— Data below —
----------------------------------------
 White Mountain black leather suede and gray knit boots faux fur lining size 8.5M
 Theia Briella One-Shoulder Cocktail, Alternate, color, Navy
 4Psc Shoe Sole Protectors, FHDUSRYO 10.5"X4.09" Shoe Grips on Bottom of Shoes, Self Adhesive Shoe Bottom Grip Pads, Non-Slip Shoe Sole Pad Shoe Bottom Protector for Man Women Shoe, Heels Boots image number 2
----------------------------------------
— Work request —
Set down the data once more, exactly as shown above.

— Response area —
 White Mountain black leather suede and gray knit boots faux fur lining size 8.5M
 Theia Briella One-Shoulder Cocktail, Alternate, color, Navy
 4Psc Shoe Sole Protectors, FHDUSRYO 10.5"X4.09" Shoe Grips on Bottom of Shoes, Self Adhesive Shoe Bottom Grip Pads, Non-Slip Shoe Sole Pad Shoe Bottom Protector for Man Women Shoe, Heels Boots image number 2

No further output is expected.